2) To be used as a building block for customized asynchronous socket
communication
Original comment by christof...@gmail.com
on 16 Jan 2013 at 4:07
I understand, thank you for such a detailed response.
Original comment by abuhar...@gmail.com
on 18 Jan 2013 at 7:36
I would like to thank you for pressing the issue, because it is very worthwhile
to revisit design decisions.
I realize it would be nice to get hold of the original bytebuffer in some
cases. Especially when you look at implementing things like SSL.

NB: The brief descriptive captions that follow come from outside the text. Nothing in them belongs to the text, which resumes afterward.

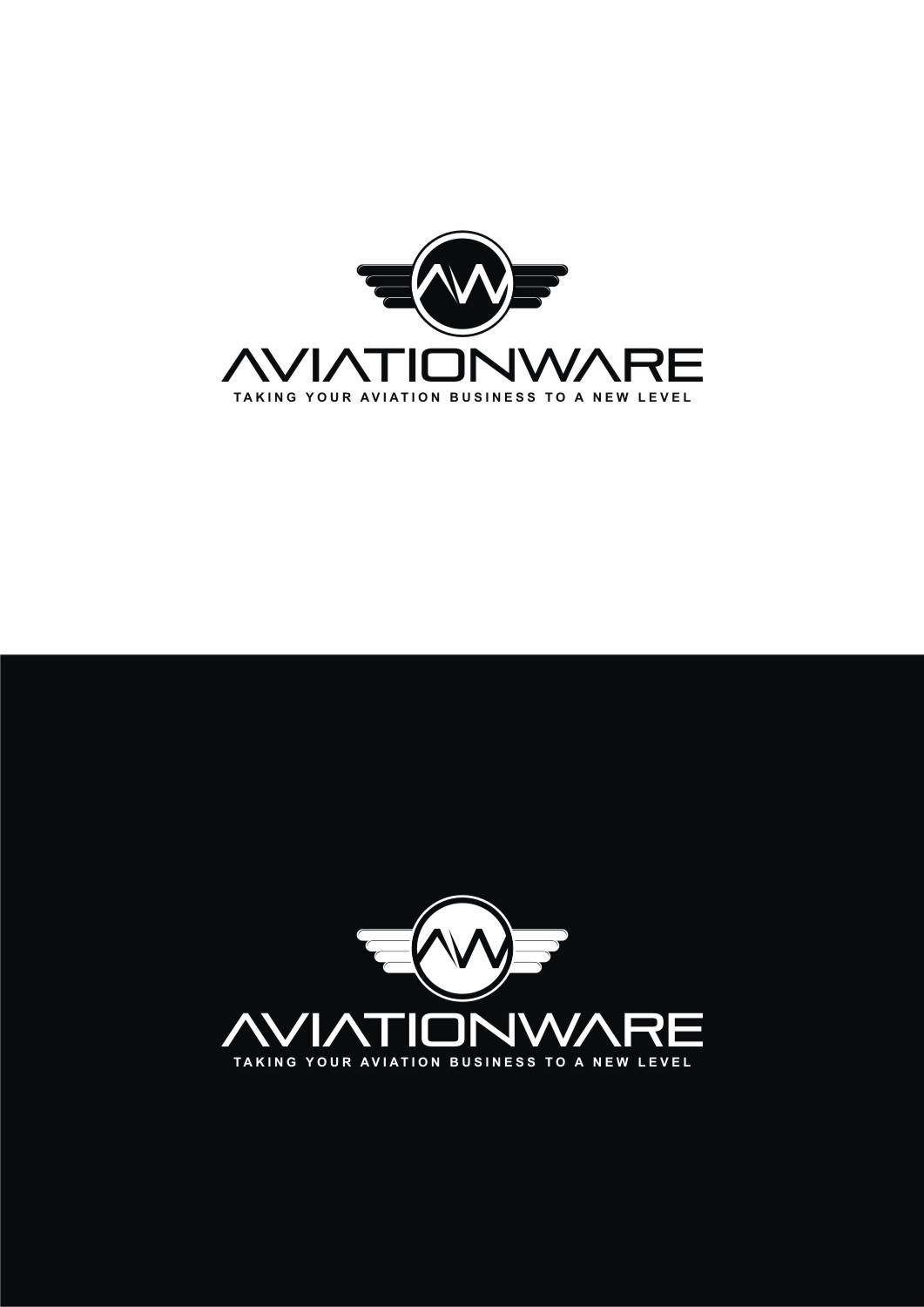 Logo Design by Lovepreet Graphic Designer for AviationWare | Design #15259983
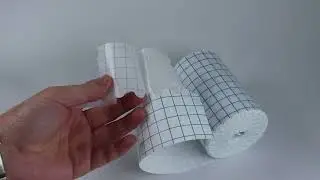 5cm*10m Adhesive Fixation Retention Non Woven Dressing Tape Wound Dressing Roll For Medical Care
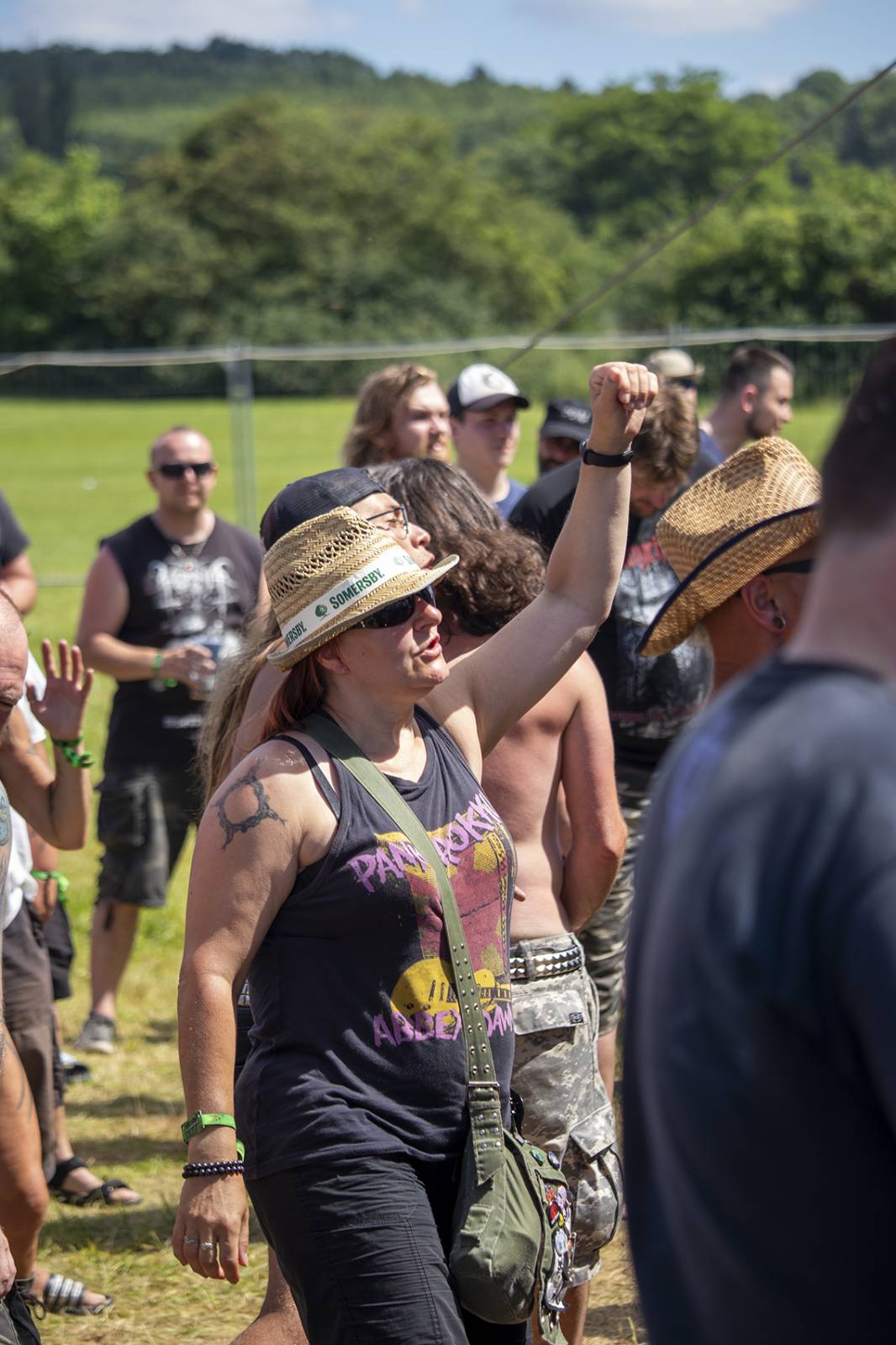 Poslední den na Basinfirefestu zářili Sodom, Jinjer, SPS nebo Dog Eat Dog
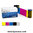 Cinta Datacard color YMCK-T - 125 impresiones - SP25 series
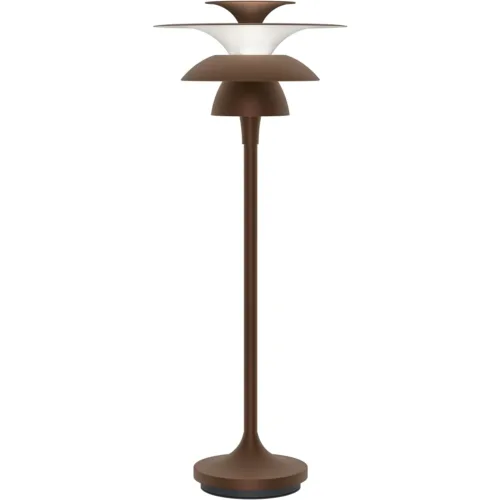 Amedeo Tischlampe 460 mm, Oxide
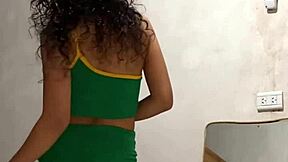 Ever wonder what intimate secrets Mexican teacher Alexia hides?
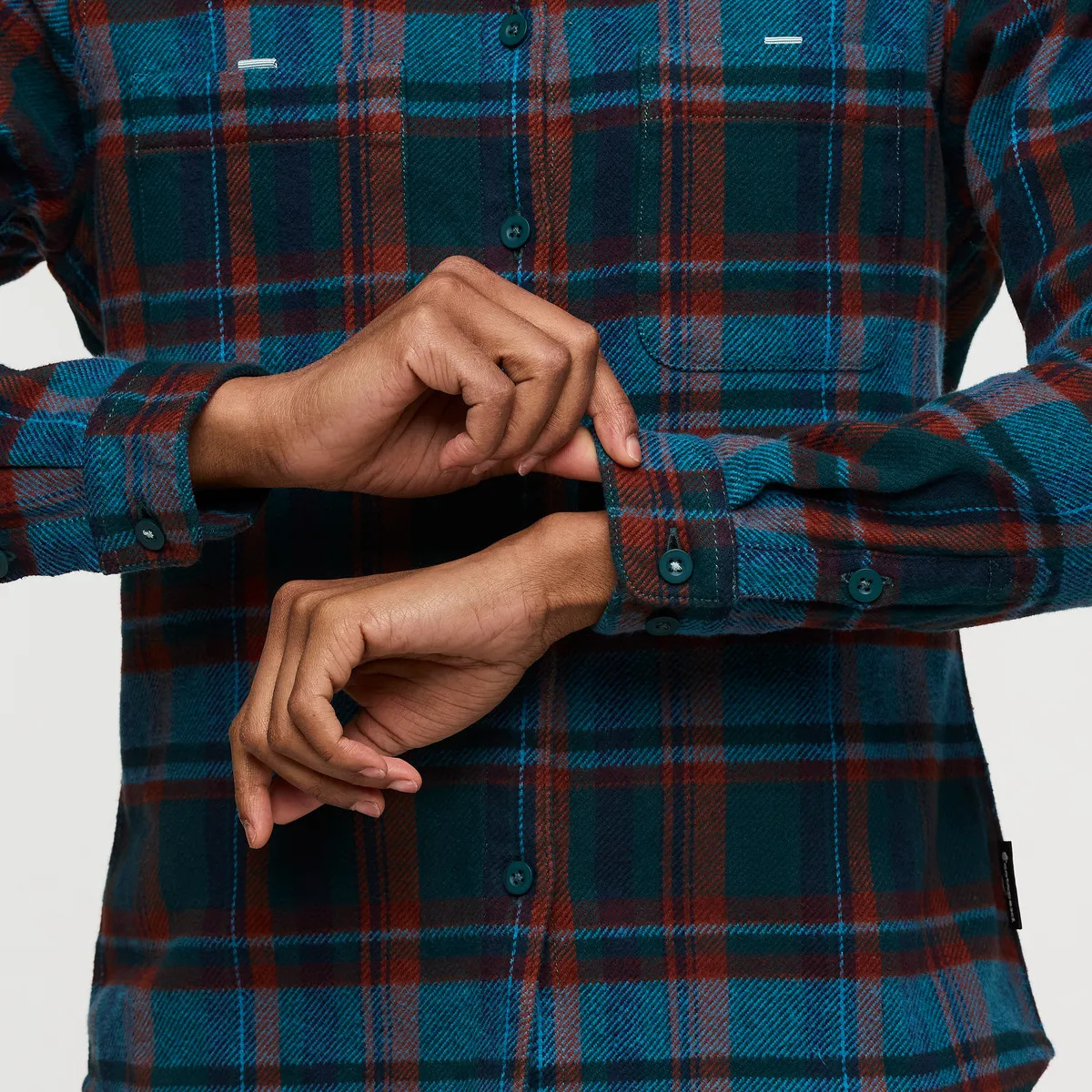 Cotopaxi Mero Organic chemise flanelle Abyss Plaid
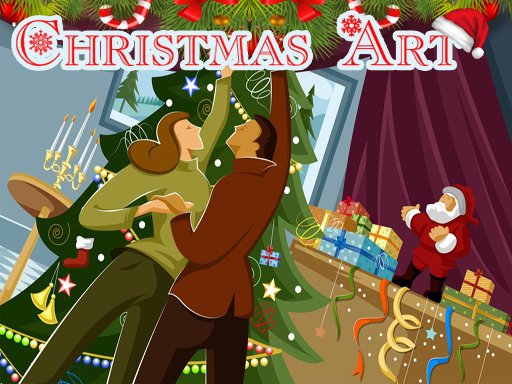 Christmas Art 2022 Slide oyunu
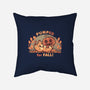 Pumped For Fall-None-Removable Cover w Insert-Throw Pillow-TechraNova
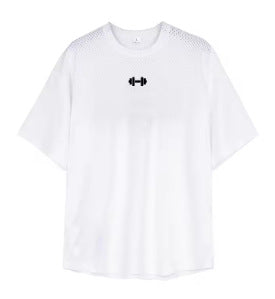 Neues bedrucktes All-matching Loose T-Shirt für Herren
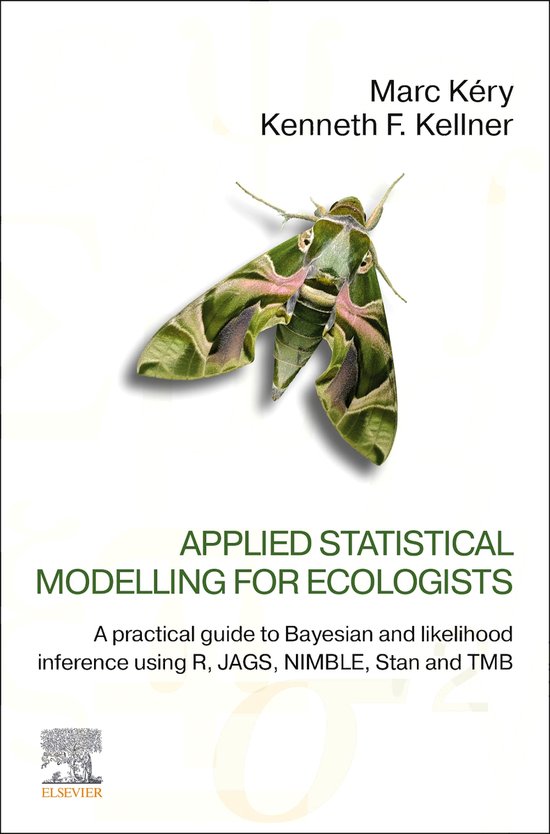 Applied Statistical Modelling for Ecologists - cover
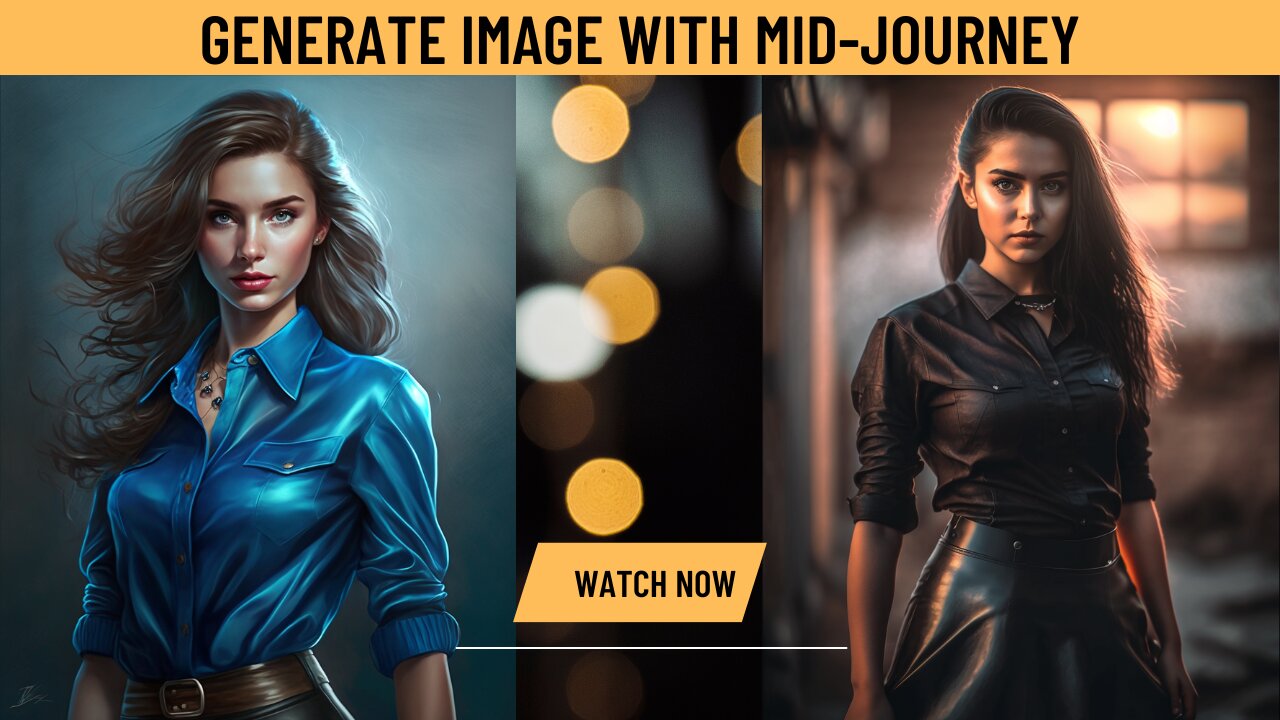 Let's generate images with midjourney ai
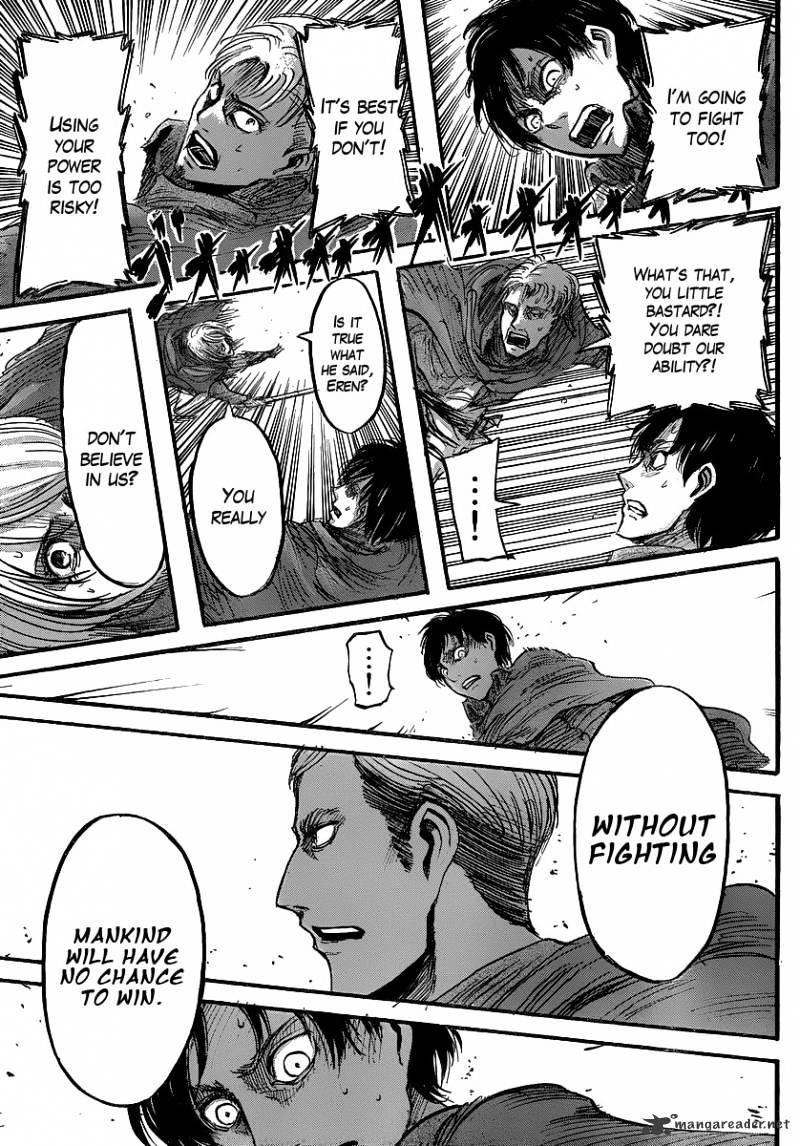 Read Shingeki no Kyojin ENGLISH Manga Online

However, it turns out that in those cases the general design of Naga is a bad
fit.
For Naga, the following assumptions are made:
1. You don't want to think about how to properly prepare your bytebuffer before
every read.
2. You don't want to manually control the selection keys on the selector.
If those are invalid, then obviously the library will be less than ideal.
I personally tried hard to create an SSL implementation using java's SSL engine
- which violates both (1) and (2) - but I was so intensely dissatisfied with it
that I ended up deciding not to use it.
The more flexible you want to be the more difficult the library is to use.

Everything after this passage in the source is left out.